A couple of weekends ago my husband and I went out for Chinese with a friend of ours. I was off in my own little world (as I frequently am), and eventually I started singing along with the Christmas muzak that was playing in the background.
“Uh, what are you doing, Jenny?” my husband asked me.
“I’m singing along with the Christmas music.”
“What music?”
“You know, the music.” I sang a few additional bars to demonstrate.
“I don’t hear anything.”
This was alarming for a number of reasons. First of all, I wasn’t just hearing a faint tune in my head. I was hearing completely-scored, full-orchestral arrangements. So if I was having delusions or hallucinations, they were pretty far advanced. Second, much of the music I was hearing prominently featured the pan flute, and I was very concerned that my hallucinations chose to express themselves through such an odd instrument.
I tried everything to get them to hear the music. I sang louder. I switched seats with them. I had them stand in different spots in the restaurant. Nothing.

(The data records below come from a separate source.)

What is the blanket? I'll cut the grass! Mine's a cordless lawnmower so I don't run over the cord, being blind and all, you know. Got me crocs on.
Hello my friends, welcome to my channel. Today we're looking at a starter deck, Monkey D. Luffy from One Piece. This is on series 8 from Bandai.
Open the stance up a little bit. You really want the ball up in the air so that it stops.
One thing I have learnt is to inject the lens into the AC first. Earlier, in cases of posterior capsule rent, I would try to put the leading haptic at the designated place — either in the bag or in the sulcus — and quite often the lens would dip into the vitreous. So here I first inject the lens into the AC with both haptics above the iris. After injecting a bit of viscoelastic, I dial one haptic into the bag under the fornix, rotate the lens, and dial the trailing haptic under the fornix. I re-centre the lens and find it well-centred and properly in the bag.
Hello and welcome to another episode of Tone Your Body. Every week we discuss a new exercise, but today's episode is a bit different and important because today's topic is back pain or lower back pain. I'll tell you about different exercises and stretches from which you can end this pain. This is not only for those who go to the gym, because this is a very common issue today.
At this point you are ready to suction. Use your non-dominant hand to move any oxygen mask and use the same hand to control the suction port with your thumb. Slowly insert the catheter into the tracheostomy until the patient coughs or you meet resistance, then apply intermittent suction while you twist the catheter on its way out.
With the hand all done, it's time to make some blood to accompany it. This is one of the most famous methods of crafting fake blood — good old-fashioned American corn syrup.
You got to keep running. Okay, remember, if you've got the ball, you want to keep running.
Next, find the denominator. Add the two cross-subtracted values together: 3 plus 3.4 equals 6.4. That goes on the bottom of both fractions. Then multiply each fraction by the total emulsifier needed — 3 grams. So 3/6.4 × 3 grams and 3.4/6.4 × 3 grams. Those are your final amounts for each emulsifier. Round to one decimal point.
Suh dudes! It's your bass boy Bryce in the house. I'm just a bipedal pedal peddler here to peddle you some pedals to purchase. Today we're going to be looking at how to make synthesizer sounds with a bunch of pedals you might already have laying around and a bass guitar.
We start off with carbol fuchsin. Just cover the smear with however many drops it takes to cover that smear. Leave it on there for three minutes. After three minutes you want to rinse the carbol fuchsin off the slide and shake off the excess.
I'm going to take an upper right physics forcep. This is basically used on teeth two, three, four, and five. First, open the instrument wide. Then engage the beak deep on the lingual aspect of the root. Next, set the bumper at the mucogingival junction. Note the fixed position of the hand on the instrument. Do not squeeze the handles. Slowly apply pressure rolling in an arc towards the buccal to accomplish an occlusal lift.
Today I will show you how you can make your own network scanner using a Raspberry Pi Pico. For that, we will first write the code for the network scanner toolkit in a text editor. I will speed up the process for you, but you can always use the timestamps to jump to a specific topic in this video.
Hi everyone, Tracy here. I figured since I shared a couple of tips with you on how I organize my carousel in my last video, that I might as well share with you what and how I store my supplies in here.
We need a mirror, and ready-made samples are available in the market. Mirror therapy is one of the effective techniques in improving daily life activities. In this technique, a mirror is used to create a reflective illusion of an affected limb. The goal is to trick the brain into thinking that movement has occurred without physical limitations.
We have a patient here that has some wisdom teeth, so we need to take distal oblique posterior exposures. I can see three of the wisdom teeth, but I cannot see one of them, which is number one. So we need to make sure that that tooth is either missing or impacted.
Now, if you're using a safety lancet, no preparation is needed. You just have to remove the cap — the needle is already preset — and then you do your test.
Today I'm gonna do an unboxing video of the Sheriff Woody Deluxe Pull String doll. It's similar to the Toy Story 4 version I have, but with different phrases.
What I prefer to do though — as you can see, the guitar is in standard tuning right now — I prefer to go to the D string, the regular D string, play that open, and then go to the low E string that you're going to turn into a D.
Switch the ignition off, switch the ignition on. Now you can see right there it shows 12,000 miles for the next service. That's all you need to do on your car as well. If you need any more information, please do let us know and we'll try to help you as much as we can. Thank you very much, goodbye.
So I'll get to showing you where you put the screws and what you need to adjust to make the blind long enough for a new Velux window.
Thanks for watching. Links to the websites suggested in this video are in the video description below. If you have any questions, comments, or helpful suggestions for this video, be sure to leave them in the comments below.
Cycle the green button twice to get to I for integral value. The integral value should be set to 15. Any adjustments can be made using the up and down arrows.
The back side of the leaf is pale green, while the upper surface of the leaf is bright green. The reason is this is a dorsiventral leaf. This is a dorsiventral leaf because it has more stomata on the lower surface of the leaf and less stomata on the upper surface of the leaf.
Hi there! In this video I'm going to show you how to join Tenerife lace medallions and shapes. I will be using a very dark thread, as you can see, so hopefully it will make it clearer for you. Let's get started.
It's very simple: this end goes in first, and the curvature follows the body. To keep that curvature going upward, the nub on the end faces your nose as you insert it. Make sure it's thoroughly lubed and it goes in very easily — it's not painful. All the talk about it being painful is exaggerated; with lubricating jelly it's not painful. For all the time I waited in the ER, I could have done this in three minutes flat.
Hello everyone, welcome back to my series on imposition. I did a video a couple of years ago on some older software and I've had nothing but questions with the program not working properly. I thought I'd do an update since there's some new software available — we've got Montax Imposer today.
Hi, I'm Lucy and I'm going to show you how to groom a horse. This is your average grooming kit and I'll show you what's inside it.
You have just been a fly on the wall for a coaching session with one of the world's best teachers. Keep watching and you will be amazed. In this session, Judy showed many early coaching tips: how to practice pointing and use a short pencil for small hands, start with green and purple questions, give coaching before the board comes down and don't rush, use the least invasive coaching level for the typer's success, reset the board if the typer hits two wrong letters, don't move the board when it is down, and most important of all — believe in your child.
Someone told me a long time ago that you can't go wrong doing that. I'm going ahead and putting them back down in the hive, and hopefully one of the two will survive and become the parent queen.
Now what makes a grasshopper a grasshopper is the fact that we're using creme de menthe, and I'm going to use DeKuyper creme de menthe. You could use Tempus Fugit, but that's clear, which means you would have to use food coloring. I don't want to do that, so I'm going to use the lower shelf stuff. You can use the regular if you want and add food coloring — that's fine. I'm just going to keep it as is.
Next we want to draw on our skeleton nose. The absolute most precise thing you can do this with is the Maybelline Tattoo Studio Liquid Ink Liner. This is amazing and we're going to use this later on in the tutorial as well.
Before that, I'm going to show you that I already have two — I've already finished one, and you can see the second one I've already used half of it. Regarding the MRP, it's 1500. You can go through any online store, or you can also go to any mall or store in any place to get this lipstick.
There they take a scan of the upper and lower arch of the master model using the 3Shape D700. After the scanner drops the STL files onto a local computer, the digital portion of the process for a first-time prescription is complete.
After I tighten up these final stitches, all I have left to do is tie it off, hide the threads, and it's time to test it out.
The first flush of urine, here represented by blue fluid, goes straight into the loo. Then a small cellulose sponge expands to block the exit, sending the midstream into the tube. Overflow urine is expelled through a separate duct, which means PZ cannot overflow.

Now I was really freaked out because, as inventive as I am, I could not come up with an explanation for this. Fortunately my husband noticed that I was fast becoming A Woman On The Edge, and before I could announce that I was leaving the restaurant and immediately checking myself into some kind of treatment facility, he let me know that they were just messing with me.
Angela says
LOL they really had you.
Jokes on me I will let you guess I am blind so you can just immagine what a well meaning hubby could do.
Kelvin says
OOooooohhhh. Nice one. That would have messed me up because I actually *do* hear music playing in my head, quite often, though not necessarily with the clarity you described 🙂 I… spoil sport that I am… don’t play practical jokes and rather implore my friends and camarades not to play them on me; but when tasked… I *can* get even — it’s just not a spiral I like to get into. Paleeeze please tell me you’ve plotted your revenge 🙂 I look forward to the sequel 😉
John Masters says
That’s just wrong. Out and out evil (pronounced eee-vil). The payback for public humiliation must be quite severe. Your husband should be watching his step for a while.
Laquet says
The rascals (if I was in person I’d have said worse!) that’s really nasty … don’t they know what/who they were messing with?
Gopher says
Hmm that’s a good one to remember but it needs a room to play out in 😉
Vanessa says
Oh man, that’s cold! But it does make a good story. 🙂
Chrissie says
Very cute! I can see it happening. I would have been asking people at other tables and would have really embarrased myself!
Mine’s up too – but it’s not great – this was a hard one for me.
Teena says
Ha! They got ya! It must have been frustrating 🙂
Mine’s up 🙂
Claire says
How cruel!! But great joke…it’s the sort of thing I’d get done to me!
Book Worm says
LOL. That was really good!
Thanks for sharing.
Judy says
Poor Jenny… we’ll have to get together and see what we can come up with! You know the old saying: “Don’t get mad. Get even!”